'''

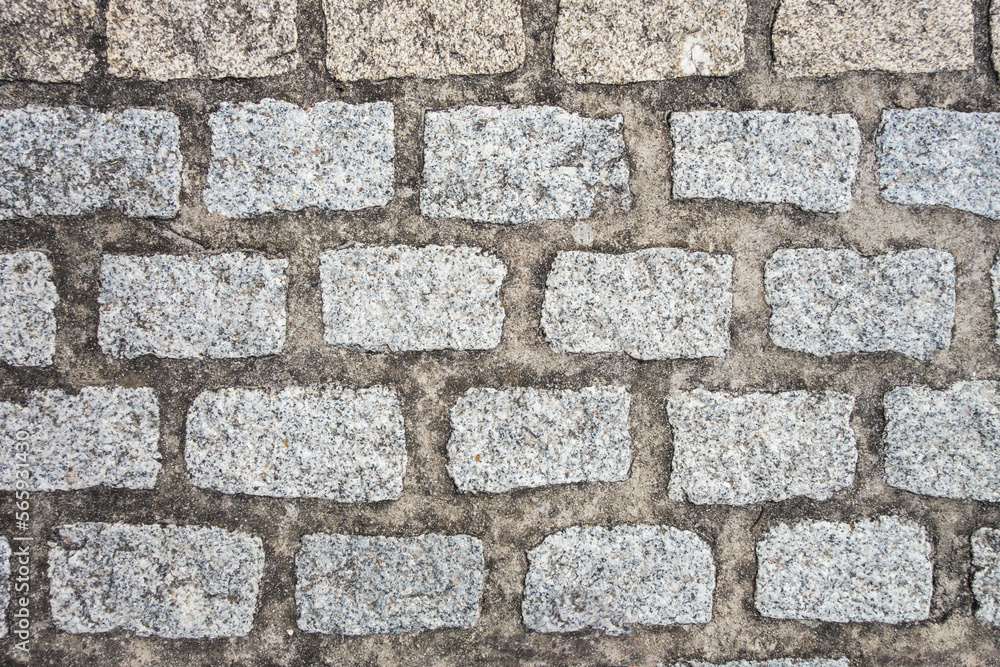 Old cobblestone pavement background texture Old cobblestone pavement background texture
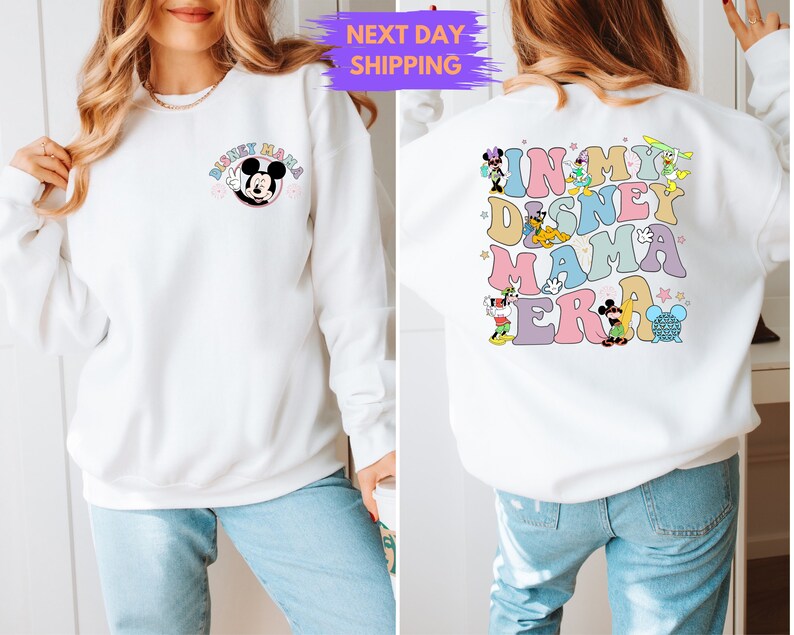 May include: White sweatshirt with a Mickey Mouse graphic on the front and a colorful "In My Disney Mama Era" graphic on the back. The sweatshirt is being modeled by a person wearing blue jeans.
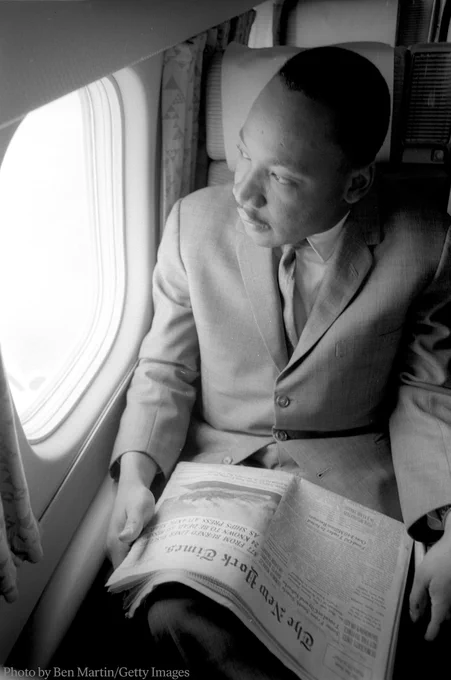 Martin Luther King Jr. seated by an airplane window, reading a newspaper in December 1963.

'''

Each line from the one containing "May include: White" through the last line of the listing is to be given again exactly, with no pictures and no other lines.

 May include: White sweatshirt with a Mickey Mouse graphic on the front and a colorful "In My Disney Mama Era" graphic on the back. The sweatshirt is being modeled by a person wearing blue jeans.
 Martin Luther King Jr. seated by an airplane window, reading a newspaper in December 1963.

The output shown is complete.